- TASK GOAL:
Look through the data below for the string "newsletter", and copy every line where it turns up.

Content starts

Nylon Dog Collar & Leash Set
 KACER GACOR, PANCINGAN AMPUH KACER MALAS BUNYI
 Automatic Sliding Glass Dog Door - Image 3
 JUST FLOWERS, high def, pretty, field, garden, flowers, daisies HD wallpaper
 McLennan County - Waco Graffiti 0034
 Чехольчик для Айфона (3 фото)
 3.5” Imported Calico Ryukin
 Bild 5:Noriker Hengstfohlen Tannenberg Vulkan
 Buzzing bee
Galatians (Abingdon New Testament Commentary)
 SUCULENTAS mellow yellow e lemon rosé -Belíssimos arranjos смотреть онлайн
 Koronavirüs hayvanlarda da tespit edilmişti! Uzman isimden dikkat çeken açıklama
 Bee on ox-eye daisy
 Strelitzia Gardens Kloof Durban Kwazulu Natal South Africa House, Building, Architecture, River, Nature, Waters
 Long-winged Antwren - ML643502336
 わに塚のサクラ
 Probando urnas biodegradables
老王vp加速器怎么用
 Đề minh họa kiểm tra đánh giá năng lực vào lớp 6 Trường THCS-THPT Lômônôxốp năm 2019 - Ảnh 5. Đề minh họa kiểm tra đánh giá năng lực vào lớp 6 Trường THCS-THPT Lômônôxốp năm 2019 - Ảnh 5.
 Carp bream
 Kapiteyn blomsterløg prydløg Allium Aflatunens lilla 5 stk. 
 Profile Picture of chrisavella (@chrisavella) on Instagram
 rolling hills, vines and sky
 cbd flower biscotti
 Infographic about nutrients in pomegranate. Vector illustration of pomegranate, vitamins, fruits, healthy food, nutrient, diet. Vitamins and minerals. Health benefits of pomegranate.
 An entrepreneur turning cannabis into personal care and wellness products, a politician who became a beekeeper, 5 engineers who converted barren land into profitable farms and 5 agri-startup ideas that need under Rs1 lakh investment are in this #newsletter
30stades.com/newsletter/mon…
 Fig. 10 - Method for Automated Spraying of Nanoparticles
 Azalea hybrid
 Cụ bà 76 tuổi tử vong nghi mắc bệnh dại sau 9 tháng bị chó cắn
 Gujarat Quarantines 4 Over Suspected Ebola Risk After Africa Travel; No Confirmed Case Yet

Content ends

- ANSWER TO THE EXERCISE:
 An entrepreneur turning cannabis into personal care and wellness products, a politician who became a beekeeper, 5 engineers who converted barren land into profitable farms and 5 agri-startup ideas that need under Rs1 lakh investment are in this #newsletter
30stades.com/newsletter/mon…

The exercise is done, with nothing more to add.